▸ WORK ITEM:
In the entries below, which lines run from the one with "A SMALL VINTAGE" through the one with "Gold Ripple and"? Repeat exactly those, both included, and no pictures.

▸ SOURCE MATERIAL:
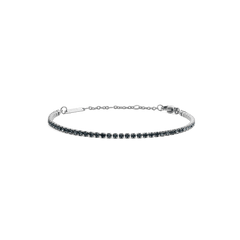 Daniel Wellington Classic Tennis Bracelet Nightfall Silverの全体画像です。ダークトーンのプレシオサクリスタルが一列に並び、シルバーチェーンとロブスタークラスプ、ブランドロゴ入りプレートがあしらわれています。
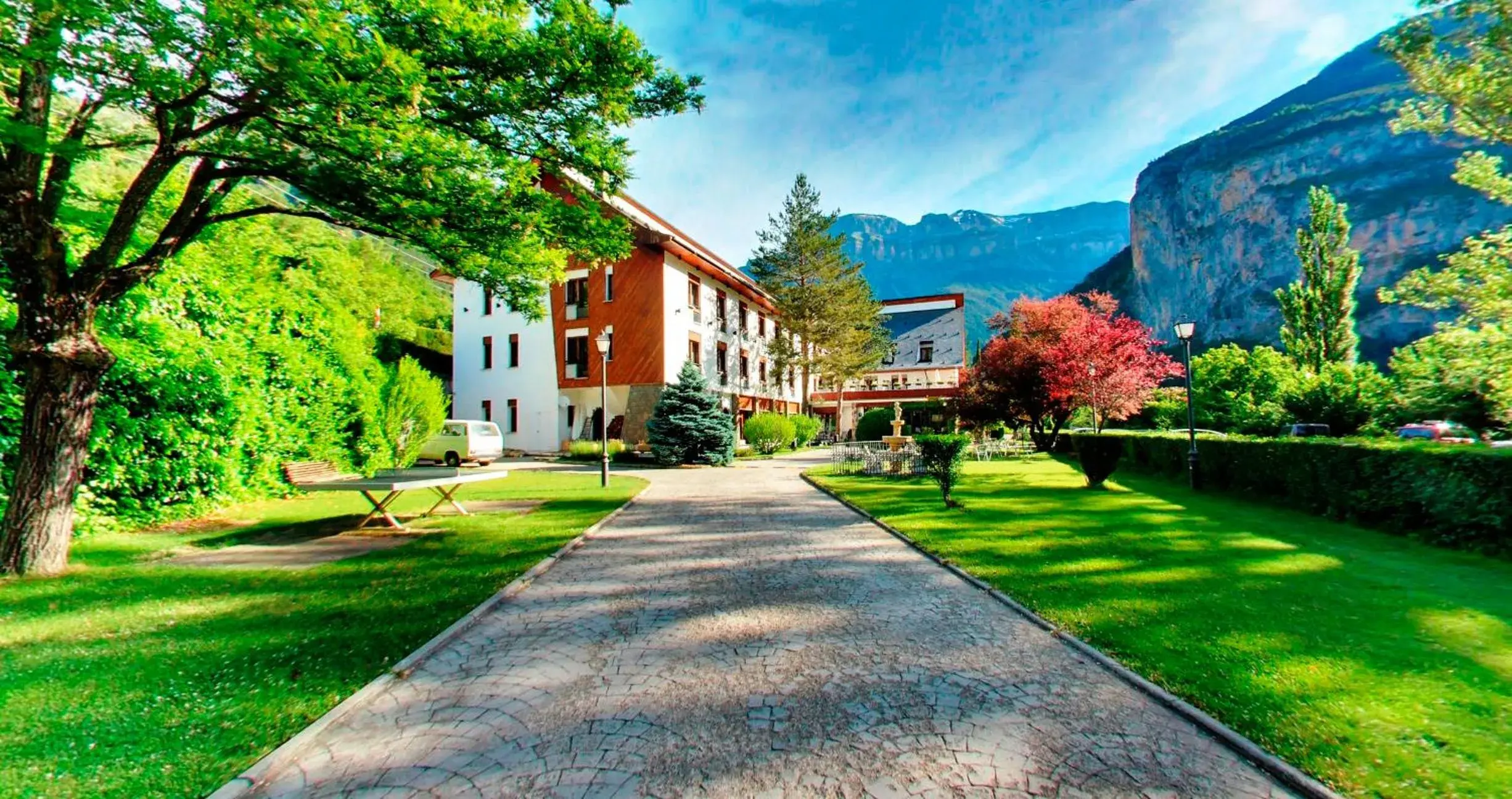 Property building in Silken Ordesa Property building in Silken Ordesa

--

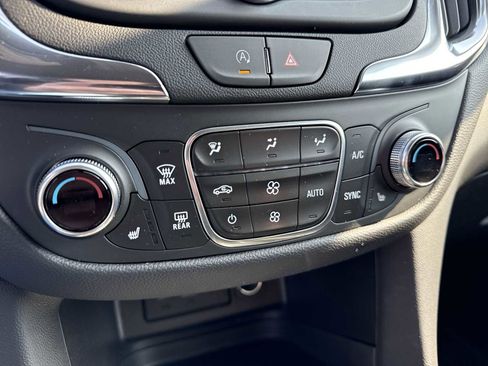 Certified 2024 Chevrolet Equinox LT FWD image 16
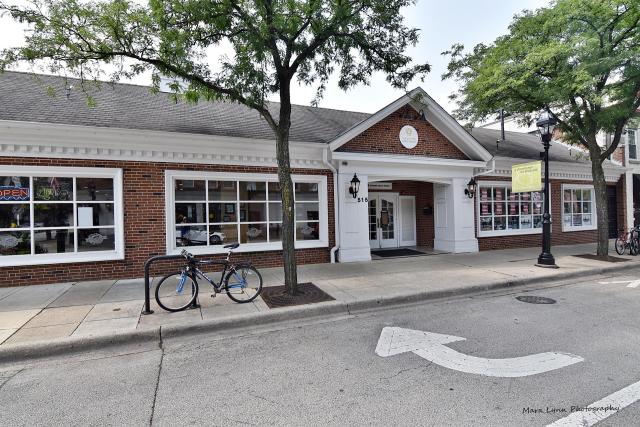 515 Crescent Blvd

...

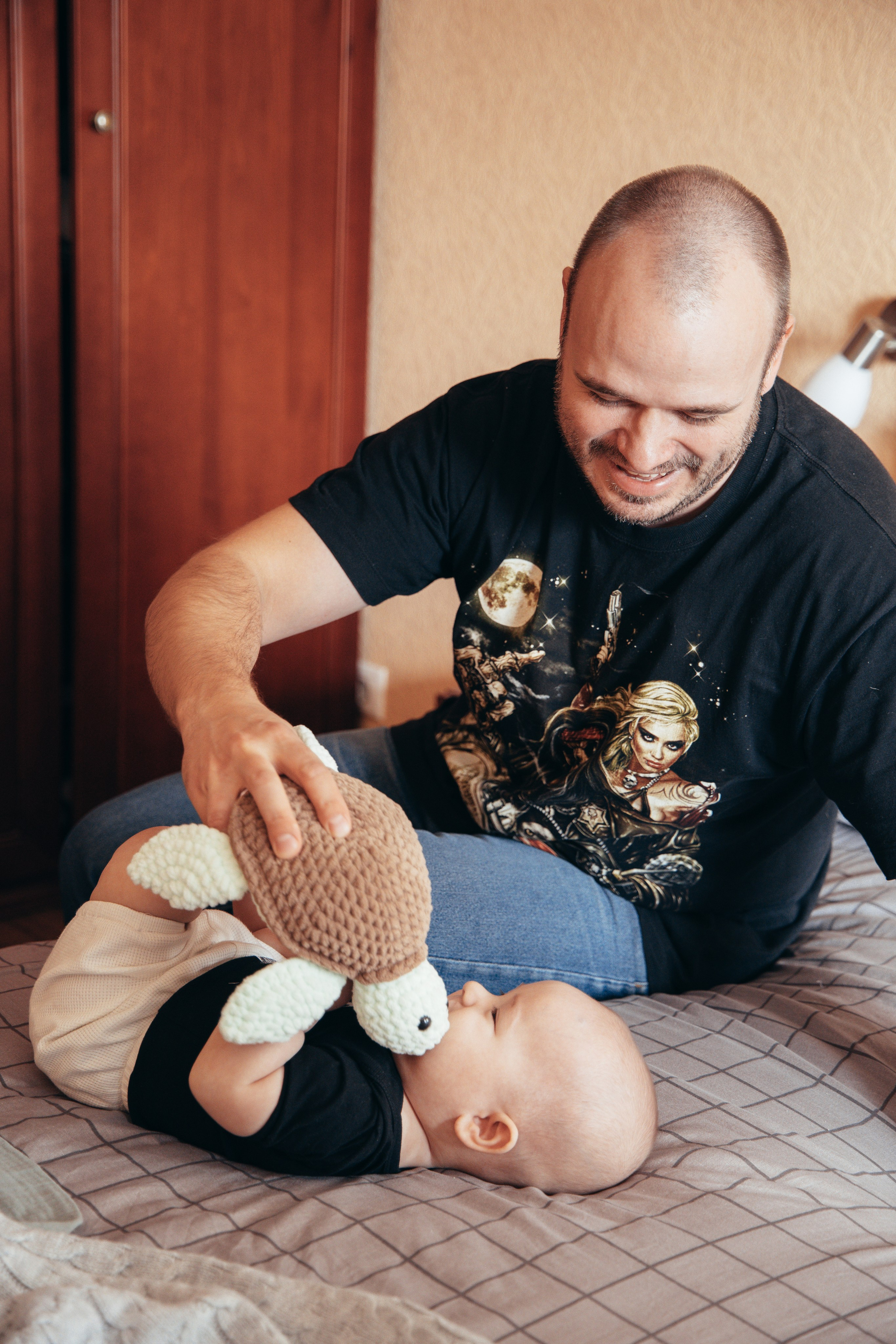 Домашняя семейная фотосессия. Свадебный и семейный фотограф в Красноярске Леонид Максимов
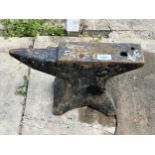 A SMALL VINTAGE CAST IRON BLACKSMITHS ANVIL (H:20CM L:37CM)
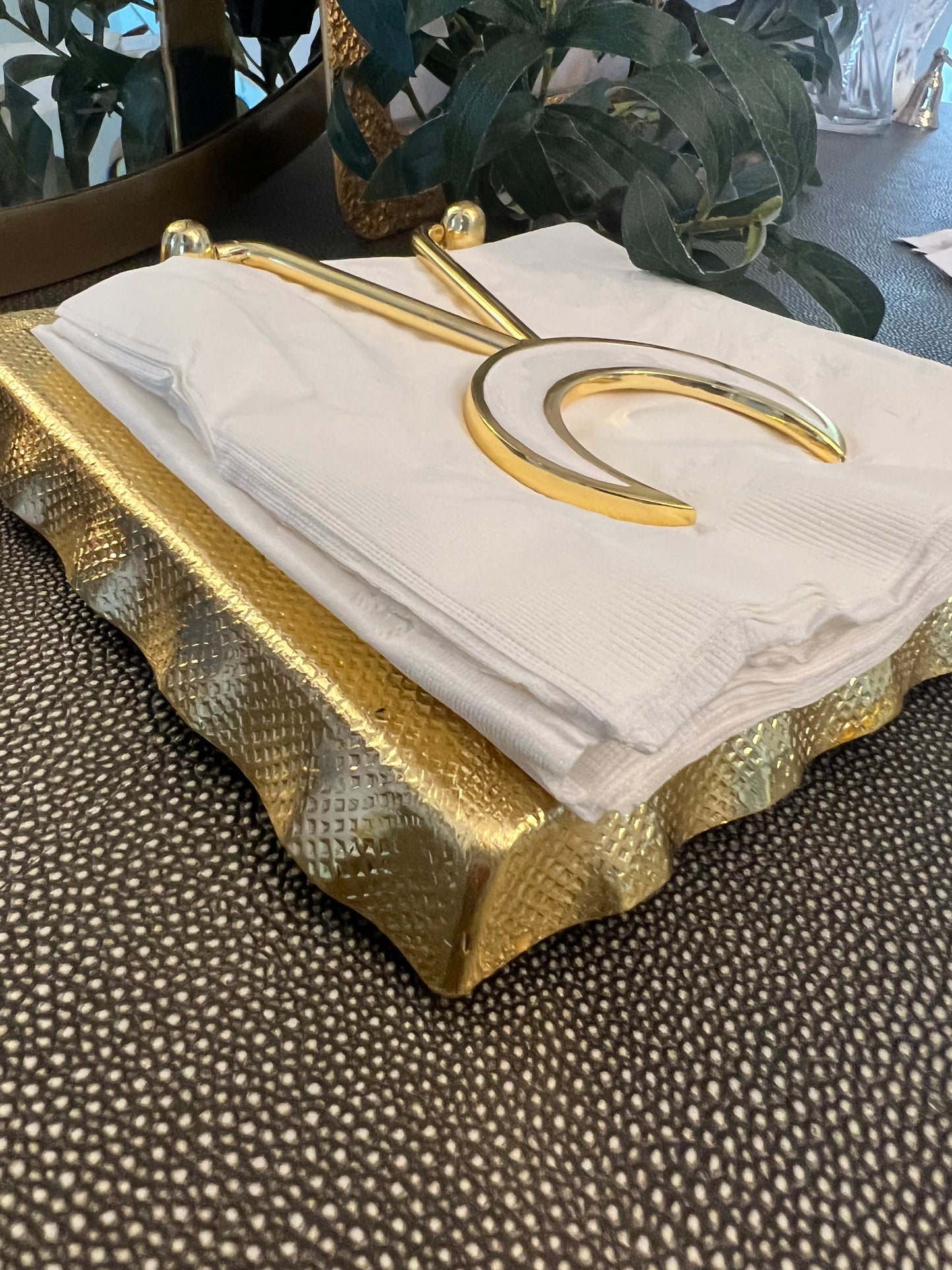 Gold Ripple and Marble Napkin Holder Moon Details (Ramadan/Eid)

▸ RESPONSE:
 A SMALL VINTAGE CAST IRON BLACKSMITHS ANVIL (H:20CM L:37CM)
 Gold Ripple and Marble Napkin Holder Moon Details (Ramadan/Eid)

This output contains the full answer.